Is room# 20 close to the next to the regular sleeper or next to the baggage car?

How is the engine noise and horn? Were you able to sleep?

How about the smoke? Does it get inside the cars?

Were you mostly ignored by the attendant?


----------



## Albo5000 (Jun 25, 2016)

http://www.craigmashburn.com/amtrakcardiagrams.html

Since the baggage cars are usually right behind the locomotive, chance are they aren't going to turn the dorm are around because they need the one end to have the stairs go down to the baggage car. Looks like you will be near the back of your train car and usually the transitional sleeper is butted up to the first set of sleeper cars. Engine noise should not be a problem, especially if they have two engines, horn you may hear occasionally during the night but once i fell asleep, i never heard the horn. Worse than the horn is the 7am wake up call announcing breakfast in the diner car.

As for the smoke/exhaust, I don't think you will have any issues with that. Hopefully a OBS crew member will reply with that info. I couldn't imagine it being bad or else the crew would probably have done something by now. Of course lastly, attention from the attendant will be dependent on their attitude of helping people. We had Yonis on the EB and he seems like someone who would go above and beyond to help everyone on the train, but the ding dong we got on the CZ who didn't even have a name tag was someone who wouldn't even help his own car, let alone a profit room on a dorm car.

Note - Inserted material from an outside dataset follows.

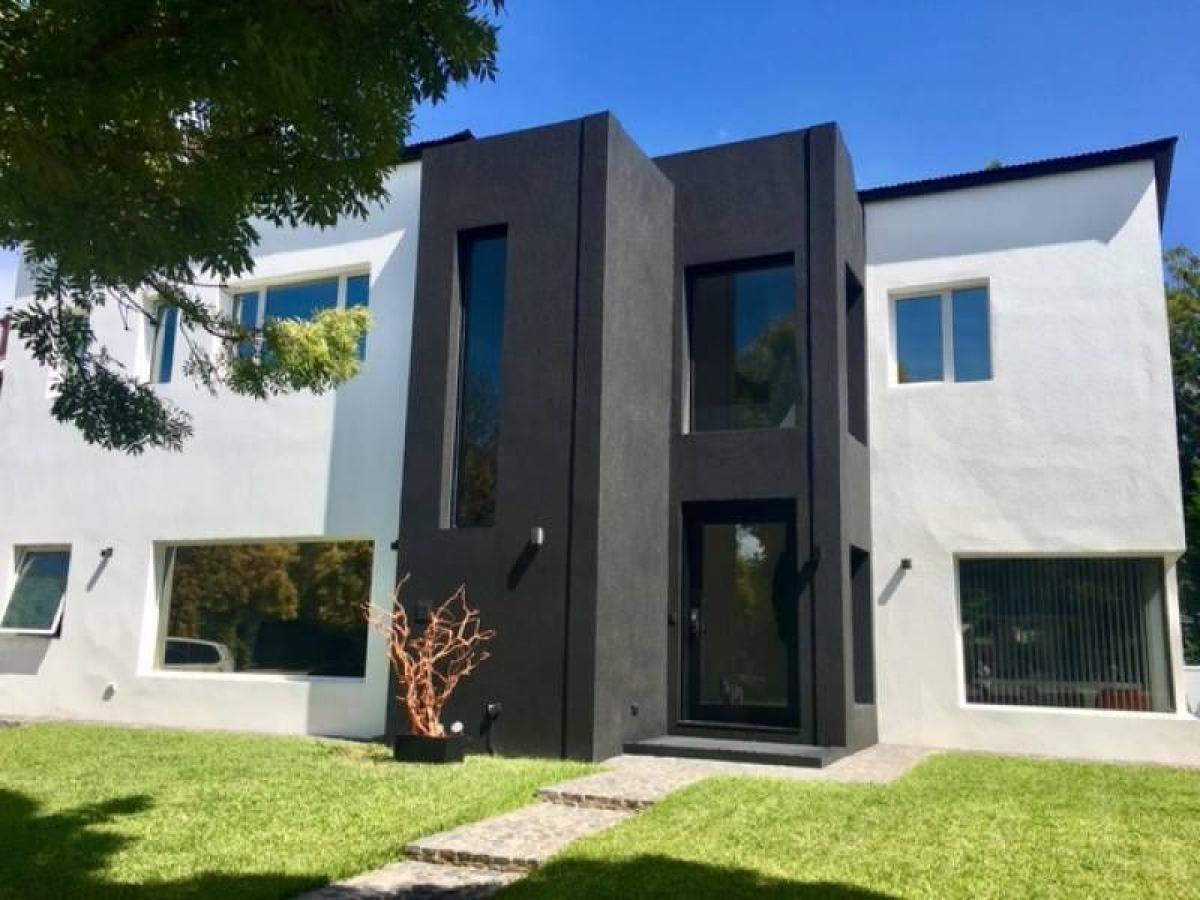 4 bedrooms House in Escobar, Argentina No. 63357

Hope that helps and never hurts to bring some earplugs if you really are concerned about noise.


----------



## the_traveler (Jun 25, 2016)

The horn noise - even if it's the 1st car - was never a problem for me. As far as the "smoke" - the front of the trans-dorm (where the crew stays) has a sealed curved window on it, unlike a door on a "regular car". Thus there is no way for exhaust to enter the car from that end.


----------



## Guest__guest_* (Jun 25, 2016)

I would prefer the normal sleeper cars but it seems they are sold out. Is there any waiting list for roomette I can join? What are the chances I could switch my room to the normal sleeper at the CHI station? I am thinking of asking the ticket agent there an hour before the departure to see if anyone cancelled their reservation. If I do switch, will they charge me more -- assuming the high bucket rooms are in the normal sleepers?


----------



## Guest_Guest__guest_*_* (Jun 26, 2016)

I just watched the SWC youtube video above which is filmed from a coach car showing the entire trip from CHI to LAX. The person made the video also mixed the footage with shots from outside the train -- he mentioned he drove to the locations and took the footage. You will see many different SWC consists. One of the consists at 50:12 has no baggage car which means the trans/dorm will be directly hooked up to the second locomotive. I would definitely ask for a refund in that case and book another trip.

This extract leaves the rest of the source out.